Prenons par exemple le peintre français Alfred Courmes (1898-1993) qui a plusieurs fois abordé ce sujet au début du XX° siècle. Son Saint Sébastien matelot déculotté de dos ou de face (il y a plusieurs tableaux de lui sur ce thème) et entouré dans un tableau d'hommes nus, ne laisse aucun doute sur la teneur véhiculée par cette image : l'homoérotisme est révélé crûment ! Ce matelot prend sa place dans l’univers gay avec ceux des personnages de Genet ou de Cocteau.



L’écrivain japonais Mishima (1925-1970) dans le roman « Confession d’un masque » en 1948, raconte comment dans son adolescence la contemplation d’un Saint Sébastien de Guido Reni l’a bouleversé et lui a fait prendre conscience de toute la portée homosexuelle d’une telle représentation et des fantasmes sado-masochistes qu’elle entraîne. Il s’est d’ailleurs fait photographier lui-même dans la pose d’un Saint Sébastien !



A noter aussi le très beau Saint Sébastien du peintre grec Yannis Tsarouchis (1910-1989), que m’a fait découvrir Olivier Delorme, qui a vécu les 20 dernières années de sa vie en France, et dont le tableau révèle un jeune homme en pleine "vigueur" en short et baskets ...



Le cinéma a également traité ce sujet, comment ne pas citer le film de Dereck Jarman, sorti en 1976, « SEBASTIANE », dont voici ce qu’en dit Didier Roth-Bettoni, dans son livre « L’homosexualité au cinéma » :


« …Son premier long métrage est ainsi un intense poème homoérotique autour de Saint Sébastien et de sa mort en martyr sous les flèches de ses camarades, soldats romains exilés comme lui dans un camp dans le désert et livrés à eux-mêmes et à leurs pulsions (…) Jarman en fait un hymne sidérant en l’honneur du corps masculin, célébré ici avec une sensualité rarement vue hors du porno gay. »

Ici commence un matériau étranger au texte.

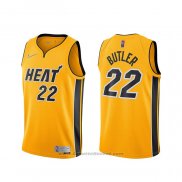 Maglia Miami Heat Jimmy Butler #22 Earned 2020-21 Or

La photographie a de multiples fois fait référence à Saint Sébastien dans un discours clairement gay. Il n'y a plus ici de lecture à plusieurs niveaux comme cela était le cas dans la peinture d'autrefois, la lecture homosexuelle immédiate est appuyée. Mais, ce qui était jadis suggérée (attirance pour le corps d'un homme), a pris la première place et ce qui était énoncé (martyre, persécution) est devenu bien secondaire, voire anecdotique !

Il est cependant impossible ici de faire une étude exhaustive de tout ce qui a pu être créé à partir de cette image, on ne donne qu'au riche et vous l'avez compris Saint Sébastien est une mine inépuisable d'inspirations et de suggestions.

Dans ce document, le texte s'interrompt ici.